The Practice, “Manifest Necessity” – The title refers to “a circumstance which is of such an overwhelming and unforeseeable nature that the conduct of trial or reaching of a fair result is impossible and which necessitates the declaration of a mistrial.” And there is a mistrial basically because the prosecution’s case is in such disarray that the DA – Helen’s boss, played by Bill Smitrovich – tries some sleight of hand to make Bobby demand a mistrial and buy some time. But the judge – Richard McGonagle in the robes – sees through the ruse, in part because of Helen’s testimony – declares a mistrial without prejudice and kills the case for good. Interesting to shift the ethical questions toward this sort of prosecutorial misconduct, and towards a character who can be a good mirror to Helen. Also we have a subplot where a client of Lindsey’s is trying to get sent to federal prison so he can get sutgery because the American social net sucks.
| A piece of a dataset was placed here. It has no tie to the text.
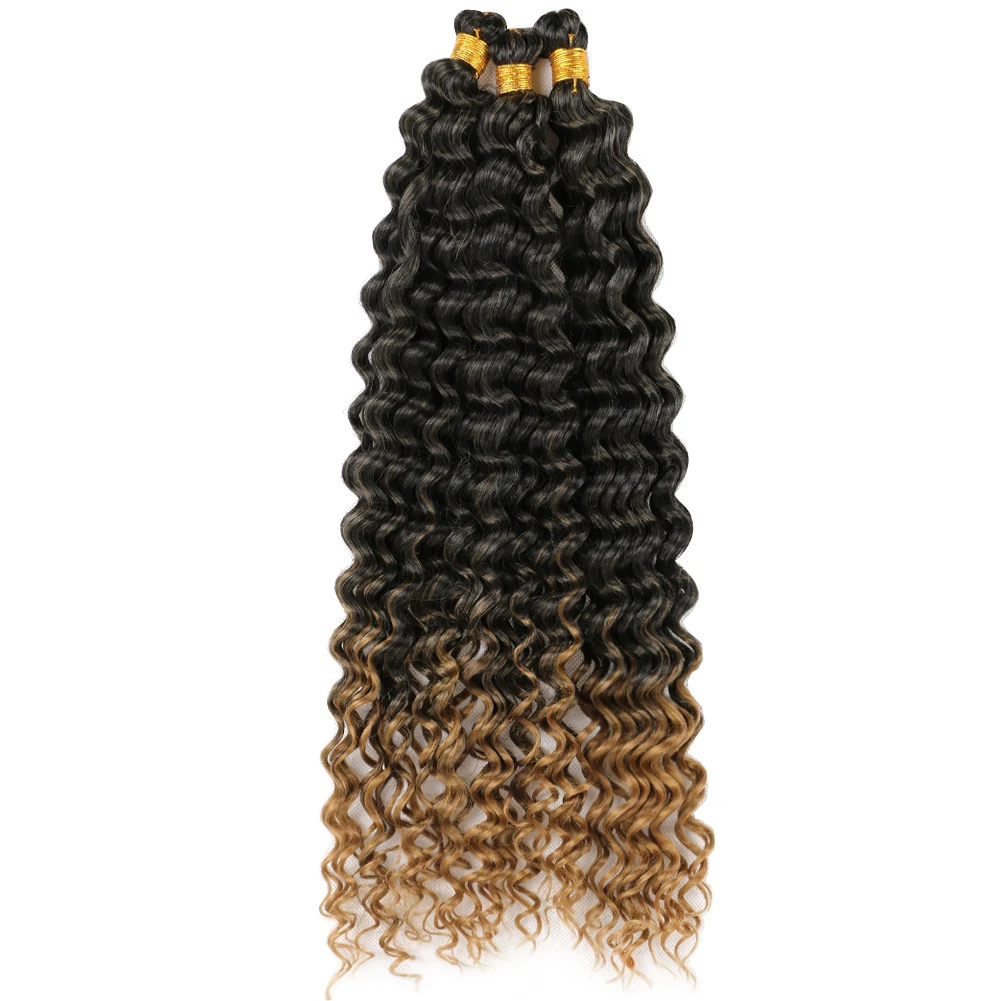 Deep Wave Ombre Color Crochet Braids 22inch Curly Synthetic Braiding ...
Frasier, “Moons Over Seattle” – Niles brings Daphne’s dad home, but the Moons are irreconcilable. Daphne is upset that Niles did this without telling her, but a talk with her dad makes her see just how special Niles is (again) and she ends the episode and the season by insisting they run off to elope because she cannot go another minute not married to him. It’s all very sweet but I am not sure this accomplishes much. At least Brian Cox is pretty good as Daphne’s dad. Meanwhile, a bit more follow-up to Frasier and Roz sleeping together as he asks her to critique their night together (presumably because he could never ask anyone he was serious with). I do wonder if in another time, the writers would have been comfortable with letting them be friends with benefits. Their chemistry as lovers but not in love is actually great.
And so ends the ninth season, which builds on the positives of a mixed eighth season and gives us a Frasier more secure in himself, less apt to fly off the handle, less obsessed with finding love, and able to be a friend. While i would be willing to say that ending with Niles and Daphne getting together might have been smart, the show really has found a steady footing despite its many many episodes.
I hope you know that at least one other person appreciated “Alexander Knox (the actor, not the character from Batman ’89).” I need to see this, if only so I stop constantly confusing it with The Sea Hawk.
The Sea Wolf has been on my list for quite a while. Need to finally dust it off and watch it.
Men In Black — family movie night! And a surprisingly cool reception from the 9-year-old nephews, they didn’t really get into it and I’ve been mulling on why — it has awesome aliens and great effects and Smith and Jones are a lot of fun together. It does sort of zip along in what to my eyes is a much-missed efficiency, this is based on a Marvel comic but is not a Marvel movie in terms of needing/making space for larger franchise world-building stuff, maybe that is too stripped-down for them. But I also think they don’t have the larger conspiracy context that MIB uses and riffs on, a gag that the Weekly World News is the most accurate newspaper doesn’t work on people who don’t know what a newspaper is but also who aren’t steeped in this kind of subcultural stuff that was poking through everywhere in the 90s (with the X-Files leading the charge). Oh well, when they’re older they’ll appreciate Vincent D’Onofrio’s insane work here, there is acting possessed and then there is acting like you are literally filled with bugs and D’Onofrio is in a register most mortals can’t find.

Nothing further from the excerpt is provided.